== Entries supplied

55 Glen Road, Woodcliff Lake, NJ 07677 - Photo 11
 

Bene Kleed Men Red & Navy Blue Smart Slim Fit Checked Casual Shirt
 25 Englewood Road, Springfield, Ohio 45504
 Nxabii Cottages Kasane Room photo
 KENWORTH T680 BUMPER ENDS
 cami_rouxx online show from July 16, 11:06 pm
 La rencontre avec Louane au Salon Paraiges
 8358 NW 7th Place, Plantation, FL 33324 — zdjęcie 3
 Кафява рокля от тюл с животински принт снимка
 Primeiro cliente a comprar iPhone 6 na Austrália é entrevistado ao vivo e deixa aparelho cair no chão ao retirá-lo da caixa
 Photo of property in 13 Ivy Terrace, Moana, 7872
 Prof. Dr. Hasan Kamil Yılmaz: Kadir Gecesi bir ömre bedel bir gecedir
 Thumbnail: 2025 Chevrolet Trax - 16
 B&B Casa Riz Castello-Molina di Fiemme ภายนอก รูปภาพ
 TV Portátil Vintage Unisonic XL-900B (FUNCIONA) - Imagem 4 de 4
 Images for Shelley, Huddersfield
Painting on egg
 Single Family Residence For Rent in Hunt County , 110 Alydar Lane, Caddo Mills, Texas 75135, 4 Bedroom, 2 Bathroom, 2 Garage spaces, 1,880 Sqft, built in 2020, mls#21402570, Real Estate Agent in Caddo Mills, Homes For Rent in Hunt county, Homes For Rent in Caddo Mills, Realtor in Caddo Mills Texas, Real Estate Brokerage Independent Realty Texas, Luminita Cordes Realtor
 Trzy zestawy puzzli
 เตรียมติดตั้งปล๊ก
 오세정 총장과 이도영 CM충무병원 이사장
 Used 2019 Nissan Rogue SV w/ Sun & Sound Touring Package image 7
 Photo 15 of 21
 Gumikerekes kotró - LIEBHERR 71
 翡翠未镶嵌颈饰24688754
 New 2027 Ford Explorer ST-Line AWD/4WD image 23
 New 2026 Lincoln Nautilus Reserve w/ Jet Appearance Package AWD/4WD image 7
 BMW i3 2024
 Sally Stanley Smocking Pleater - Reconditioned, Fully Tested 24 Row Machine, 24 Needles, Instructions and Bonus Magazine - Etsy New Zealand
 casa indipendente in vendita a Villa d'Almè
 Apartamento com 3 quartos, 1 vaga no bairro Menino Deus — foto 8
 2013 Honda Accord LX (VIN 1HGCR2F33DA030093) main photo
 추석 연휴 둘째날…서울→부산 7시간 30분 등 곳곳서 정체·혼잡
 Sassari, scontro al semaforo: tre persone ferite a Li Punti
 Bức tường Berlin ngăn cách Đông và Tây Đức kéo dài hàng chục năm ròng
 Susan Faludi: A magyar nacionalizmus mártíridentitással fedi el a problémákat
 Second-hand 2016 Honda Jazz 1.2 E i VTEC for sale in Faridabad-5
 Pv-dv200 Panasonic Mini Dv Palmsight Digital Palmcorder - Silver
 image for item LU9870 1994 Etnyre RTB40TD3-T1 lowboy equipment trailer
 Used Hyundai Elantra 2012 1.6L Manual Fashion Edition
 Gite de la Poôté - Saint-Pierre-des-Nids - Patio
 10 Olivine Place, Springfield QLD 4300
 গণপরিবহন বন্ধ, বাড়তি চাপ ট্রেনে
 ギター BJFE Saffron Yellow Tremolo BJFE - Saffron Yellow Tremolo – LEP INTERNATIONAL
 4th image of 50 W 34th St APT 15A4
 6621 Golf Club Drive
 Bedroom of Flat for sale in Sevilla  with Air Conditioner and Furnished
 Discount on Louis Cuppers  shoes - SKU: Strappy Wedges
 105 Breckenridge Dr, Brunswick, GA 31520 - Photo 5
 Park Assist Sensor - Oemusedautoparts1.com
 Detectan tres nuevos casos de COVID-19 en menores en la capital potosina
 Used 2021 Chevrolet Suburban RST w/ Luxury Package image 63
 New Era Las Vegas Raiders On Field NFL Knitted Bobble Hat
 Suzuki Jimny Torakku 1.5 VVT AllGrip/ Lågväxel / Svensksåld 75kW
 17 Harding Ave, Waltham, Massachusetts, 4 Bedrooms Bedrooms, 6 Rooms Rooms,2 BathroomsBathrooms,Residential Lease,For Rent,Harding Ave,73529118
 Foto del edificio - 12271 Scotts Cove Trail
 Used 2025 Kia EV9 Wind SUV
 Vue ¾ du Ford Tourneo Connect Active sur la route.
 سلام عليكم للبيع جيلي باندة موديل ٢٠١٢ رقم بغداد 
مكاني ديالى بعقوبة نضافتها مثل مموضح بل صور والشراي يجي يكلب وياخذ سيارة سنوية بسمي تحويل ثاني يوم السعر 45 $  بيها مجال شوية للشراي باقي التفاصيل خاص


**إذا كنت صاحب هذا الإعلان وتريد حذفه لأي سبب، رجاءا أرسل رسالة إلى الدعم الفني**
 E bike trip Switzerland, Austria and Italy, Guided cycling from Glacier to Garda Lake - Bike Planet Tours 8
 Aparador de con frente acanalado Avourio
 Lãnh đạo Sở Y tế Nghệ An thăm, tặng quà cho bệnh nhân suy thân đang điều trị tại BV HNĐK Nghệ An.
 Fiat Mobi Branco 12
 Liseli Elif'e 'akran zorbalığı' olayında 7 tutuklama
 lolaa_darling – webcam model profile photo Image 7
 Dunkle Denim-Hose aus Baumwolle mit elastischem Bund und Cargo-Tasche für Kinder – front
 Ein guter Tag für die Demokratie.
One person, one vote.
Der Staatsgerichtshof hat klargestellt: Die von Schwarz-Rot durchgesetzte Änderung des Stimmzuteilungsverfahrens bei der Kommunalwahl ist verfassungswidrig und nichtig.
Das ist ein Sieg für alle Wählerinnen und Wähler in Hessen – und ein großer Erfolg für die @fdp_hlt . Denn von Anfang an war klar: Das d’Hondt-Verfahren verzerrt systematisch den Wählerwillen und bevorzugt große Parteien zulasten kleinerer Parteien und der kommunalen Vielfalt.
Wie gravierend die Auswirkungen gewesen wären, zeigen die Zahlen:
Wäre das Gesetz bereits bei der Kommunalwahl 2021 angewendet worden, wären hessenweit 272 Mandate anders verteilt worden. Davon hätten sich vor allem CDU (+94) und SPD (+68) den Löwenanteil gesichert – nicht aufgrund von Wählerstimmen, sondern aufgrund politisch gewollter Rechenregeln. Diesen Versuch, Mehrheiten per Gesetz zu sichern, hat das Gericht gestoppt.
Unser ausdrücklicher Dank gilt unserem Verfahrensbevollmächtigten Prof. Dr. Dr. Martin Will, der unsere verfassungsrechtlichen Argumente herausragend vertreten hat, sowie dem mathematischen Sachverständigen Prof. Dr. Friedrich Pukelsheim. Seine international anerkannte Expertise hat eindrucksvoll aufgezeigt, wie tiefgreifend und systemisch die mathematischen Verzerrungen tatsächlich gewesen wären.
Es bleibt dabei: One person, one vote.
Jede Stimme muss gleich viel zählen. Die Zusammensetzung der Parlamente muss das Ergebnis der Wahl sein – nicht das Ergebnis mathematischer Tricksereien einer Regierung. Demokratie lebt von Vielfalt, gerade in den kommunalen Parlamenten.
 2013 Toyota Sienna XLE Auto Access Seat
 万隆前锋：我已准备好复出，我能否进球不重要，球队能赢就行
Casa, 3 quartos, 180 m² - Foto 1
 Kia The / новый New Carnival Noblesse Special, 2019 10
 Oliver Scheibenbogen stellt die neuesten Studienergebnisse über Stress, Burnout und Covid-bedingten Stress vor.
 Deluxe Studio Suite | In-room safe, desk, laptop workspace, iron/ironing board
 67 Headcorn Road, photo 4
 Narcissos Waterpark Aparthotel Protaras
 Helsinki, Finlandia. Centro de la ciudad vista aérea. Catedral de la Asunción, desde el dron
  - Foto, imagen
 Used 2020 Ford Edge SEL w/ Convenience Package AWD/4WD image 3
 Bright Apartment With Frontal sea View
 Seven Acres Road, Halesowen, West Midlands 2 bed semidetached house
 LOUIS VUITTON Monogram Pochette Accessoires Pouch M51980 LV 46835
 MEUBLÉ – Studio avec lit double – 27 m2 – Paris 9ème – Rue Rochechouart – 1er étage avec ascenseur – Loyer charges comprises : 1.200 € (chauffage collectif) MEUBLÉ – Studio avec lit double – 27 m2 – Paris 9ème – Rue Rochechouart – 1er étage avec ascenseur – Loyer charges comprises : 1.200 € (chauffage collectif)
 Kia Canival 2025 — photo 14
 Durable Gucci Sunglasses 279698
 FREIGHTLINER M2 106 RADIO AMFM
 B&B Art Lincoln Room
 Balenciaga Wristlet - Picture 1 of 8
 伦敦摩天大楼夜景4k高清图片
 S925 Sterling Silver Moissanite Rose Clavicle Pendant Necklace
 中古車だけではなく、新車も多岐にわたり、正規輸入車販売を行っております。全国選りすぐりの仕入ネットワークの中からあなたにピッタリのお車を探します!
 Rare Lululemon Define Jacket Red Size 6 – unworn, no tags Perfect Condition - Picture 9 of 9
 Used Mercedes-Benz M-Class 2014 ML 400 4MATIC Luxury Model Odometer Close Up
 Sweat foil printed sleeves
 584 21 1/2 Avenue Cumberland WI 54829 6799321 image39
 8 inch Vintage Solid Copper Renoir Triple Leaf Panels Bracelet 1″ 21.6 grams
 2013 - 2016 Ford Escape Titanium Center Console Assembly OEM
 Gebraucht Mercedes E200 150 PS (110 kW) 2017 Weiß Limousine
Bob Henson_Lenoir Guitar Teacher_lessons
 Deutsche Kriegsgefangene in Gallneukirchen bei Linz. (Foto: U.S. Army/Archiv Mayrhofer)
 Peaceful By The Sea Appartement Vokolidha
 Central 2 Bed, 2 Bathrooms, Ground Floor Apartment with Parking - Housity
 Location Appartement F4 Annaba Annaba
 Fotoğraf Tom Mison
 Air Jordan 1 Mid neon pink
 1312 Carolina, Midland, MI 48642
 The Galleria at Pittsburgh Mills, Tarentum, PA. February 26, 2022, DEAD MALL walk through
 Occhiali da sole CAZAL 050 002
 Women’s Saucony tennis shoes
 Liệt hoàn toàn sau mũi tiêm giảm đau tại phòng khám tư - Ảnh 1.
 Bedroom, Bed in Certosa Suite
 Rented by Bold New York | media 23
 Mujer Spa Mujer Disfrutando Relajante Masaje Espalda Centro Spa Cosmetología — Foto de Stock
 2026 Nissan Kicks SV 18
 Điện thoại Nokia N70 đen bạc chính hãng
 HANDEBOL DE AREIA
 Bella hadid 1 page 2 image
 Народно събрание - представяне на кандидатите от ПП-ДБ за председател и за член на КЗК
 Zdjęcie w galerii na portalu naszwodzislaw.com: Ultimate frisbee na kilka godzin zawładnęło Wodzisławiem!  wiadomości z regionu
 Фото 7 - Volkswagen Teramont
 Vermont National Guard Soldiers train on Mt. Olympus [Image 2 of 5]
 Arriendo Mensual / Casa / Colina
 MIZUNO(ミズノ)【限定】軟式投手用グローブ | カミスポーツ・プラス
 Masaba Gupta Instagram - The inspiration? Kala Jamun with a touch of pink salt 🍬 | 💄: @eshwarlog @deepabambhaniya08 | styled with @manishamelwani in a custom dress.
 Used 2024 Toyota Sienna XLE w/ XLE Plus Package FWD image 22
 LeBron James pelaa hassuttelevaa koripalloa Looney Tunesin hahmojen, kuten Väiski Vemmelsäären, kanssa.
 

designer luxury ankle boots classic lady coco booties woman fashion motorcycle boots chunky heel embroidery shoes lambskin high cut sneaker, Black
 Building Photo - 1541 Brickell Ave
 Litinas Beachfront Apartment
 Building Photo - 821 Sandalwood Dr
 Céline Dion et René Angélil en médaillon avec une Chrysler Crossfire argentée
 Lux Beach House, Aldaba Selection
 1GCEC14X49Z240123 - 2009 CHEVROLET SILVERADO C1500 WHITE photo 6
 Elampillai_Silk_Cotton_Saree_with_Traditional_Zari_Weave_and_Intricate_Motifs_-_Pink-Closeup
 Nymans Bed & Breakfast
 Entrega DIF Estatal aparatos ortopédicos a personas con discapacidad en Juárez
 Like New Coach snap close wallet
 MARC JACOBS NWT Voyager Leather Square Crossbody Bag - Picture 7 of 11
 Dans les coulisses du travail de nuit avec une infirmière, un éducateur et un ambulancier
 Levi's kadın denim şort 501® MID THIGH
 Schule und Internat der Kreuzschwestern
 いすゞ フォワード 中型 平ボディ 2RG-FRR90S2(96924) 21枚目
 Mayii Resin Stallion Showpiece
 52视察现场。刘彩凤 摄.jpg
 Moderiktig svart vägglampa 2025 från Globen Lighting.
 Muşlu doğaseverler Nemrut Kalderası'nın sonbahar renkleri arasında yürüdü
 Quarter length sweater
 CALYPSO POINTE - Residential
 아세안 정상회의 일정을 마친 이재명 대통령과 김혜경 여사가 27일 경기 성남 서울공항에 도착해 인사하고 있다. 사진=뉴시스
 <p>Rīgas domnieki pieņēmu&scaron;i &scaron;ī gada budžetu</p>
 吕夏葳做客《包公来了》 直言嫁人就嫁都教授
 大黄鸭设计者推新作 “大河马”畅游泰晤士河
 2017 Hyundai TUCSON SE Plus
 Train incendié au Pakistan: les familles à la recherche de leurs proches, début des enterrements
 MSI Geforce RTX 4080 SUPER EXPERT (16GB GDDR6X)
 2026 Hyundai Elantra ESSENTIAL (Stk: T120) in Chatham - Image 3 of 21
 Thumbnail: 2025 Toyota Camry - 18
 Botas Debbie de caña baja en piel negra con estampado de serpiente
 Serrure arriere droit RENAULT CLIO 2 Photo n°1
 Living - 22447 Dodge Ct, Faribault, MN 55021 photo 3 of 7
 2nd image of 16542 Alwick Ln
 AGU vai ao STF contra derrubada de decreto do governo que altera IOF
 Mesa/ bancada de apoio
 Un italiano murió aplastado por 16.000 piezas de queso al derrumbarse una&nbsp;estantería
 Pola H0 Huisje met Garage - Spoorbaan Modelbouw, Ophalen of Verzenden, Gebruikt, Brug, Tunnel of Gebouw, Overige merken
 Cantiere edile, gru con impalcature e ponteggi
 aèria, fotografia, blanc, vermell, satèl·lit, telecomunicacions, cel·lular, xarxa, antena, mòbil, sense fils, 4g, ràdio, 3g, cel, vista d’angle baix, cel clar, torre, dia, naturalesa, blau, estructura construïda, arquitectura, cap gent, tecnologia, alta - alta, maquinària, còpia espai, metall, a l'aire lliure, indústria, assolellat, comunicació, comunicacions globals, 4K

====

Go through the records above and, whenever a line includes the word "Ford", copy it.

▶ Problem solution
 New 2027 Ford Explorer ST-Line AWD/4WD image 23
 Vue ¾ du Ford Tourneo Connect Active sur la route.
 Used 2020 Ford Edge SEL w/ Convenience Package AWD/4WD image 3
 2013 - 2016 Ford Escape Titanium Center Console Assembly OEM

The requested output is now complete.